### WHAT THE TASK REQUIRES
Give the entries again exactly as they appear, but without the images.

### EXERCISE INPUTS

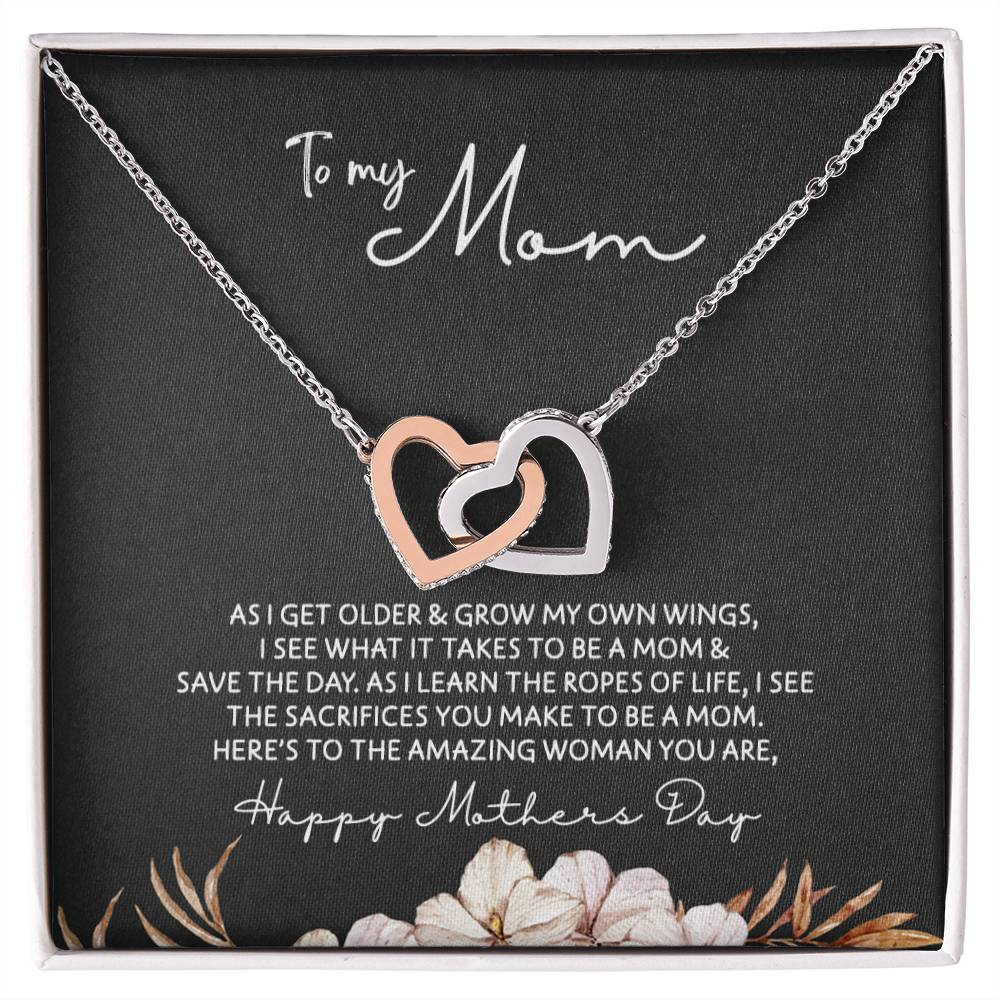 To Mom - Mother's Day Necklace - "Here's to an Amazing Woman" - Interlocking Hearts Necklace Gift Set - Design Dark 3.3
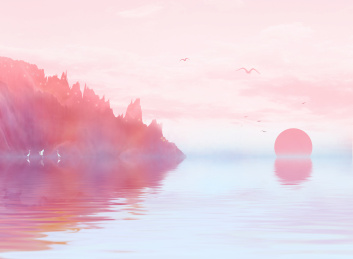 早晨太阳从天空升起，光茫照耀着整个海面，海鸥在远方飞翔插画背景海报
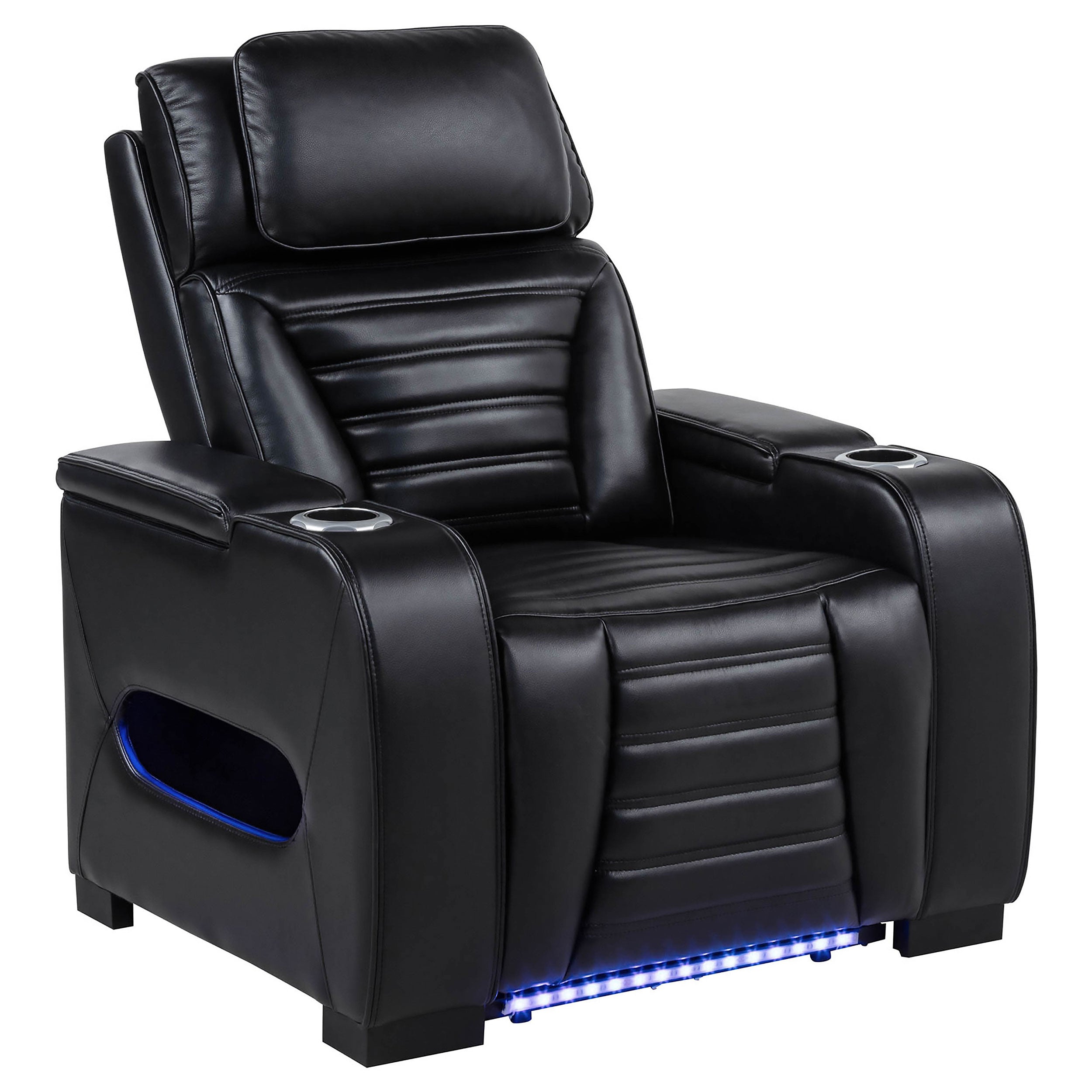 Zuma Faux Leather Upholstered Dual Power LED Recliner Black — view 1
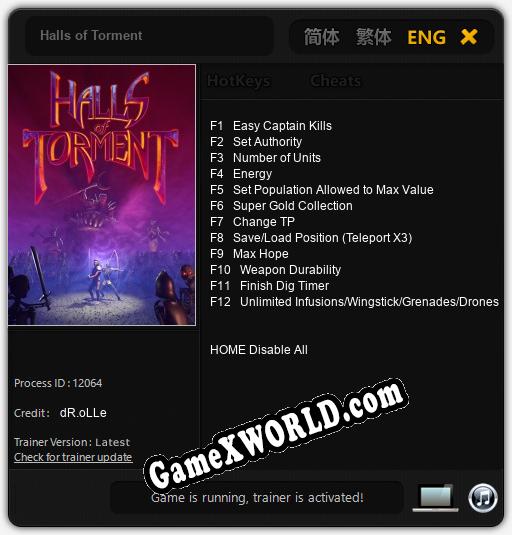 Halls of Torment: Трейнер +12 [v1.4]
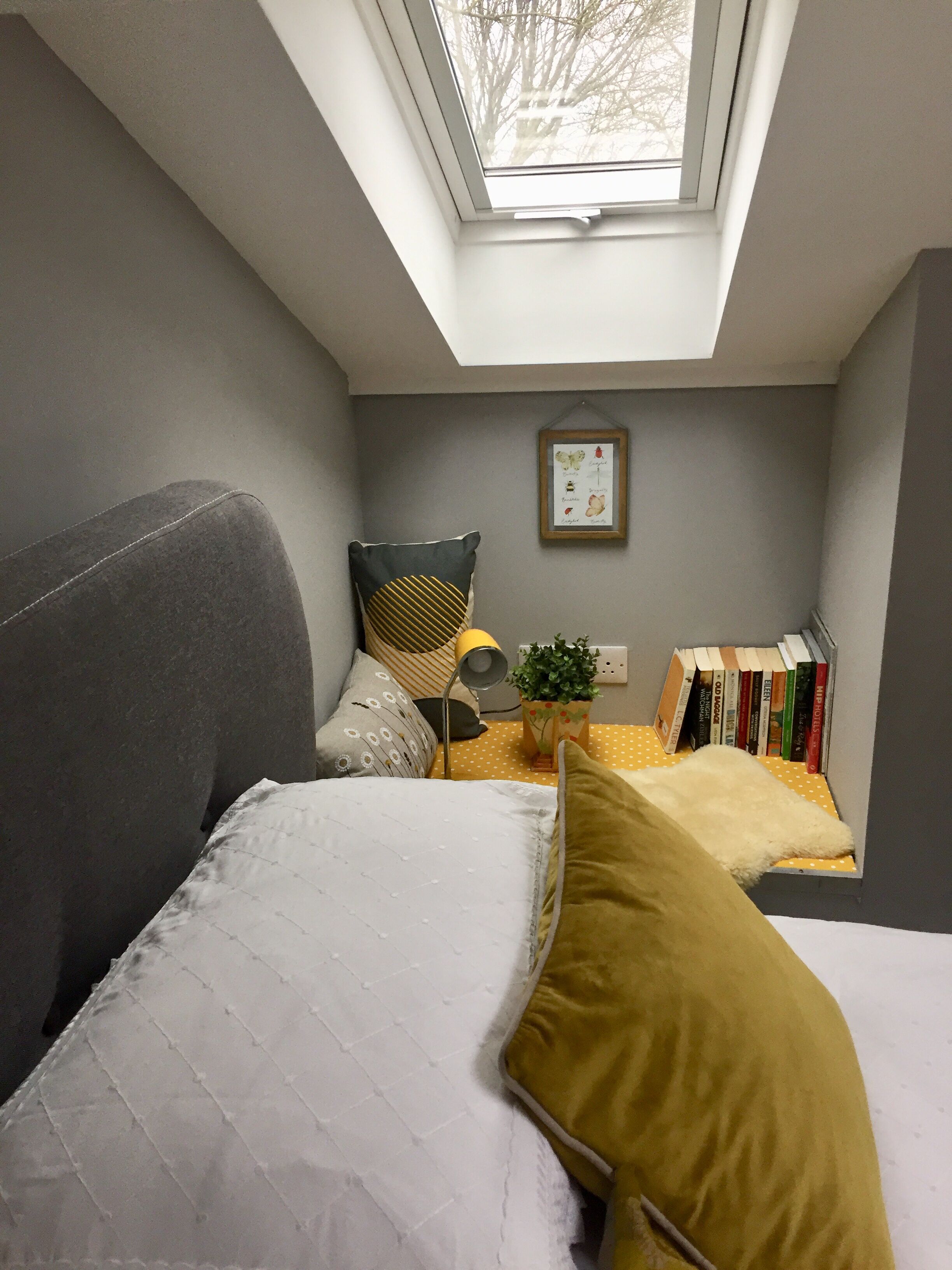 Un dormitorio con tragaluz, una cama con almohadas, una mesita de noche con lámpara, una planta en maceta y una estantería.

### SOLUTION FOR THIS TASK
 To Mom - Mother's Day Necklace - "Here's to an Amazing Woman" - Interlocking Hearts Necklace Gift Set - Design Dark 3.3
 早晨太阳从天空升起，光茫照耀着整个海面，海鸥在远方飞翔插画背景海报
 Zuma Faux Leather Upholstered Dual Power LED Recliner Black — view 1
 Halls of Torment: Трейнер +12 [v1.4]
 Un dormitorio con tragaluz, una cama con almohadas, una mesita de noche con lámpara, una planta en maceta y una estantería.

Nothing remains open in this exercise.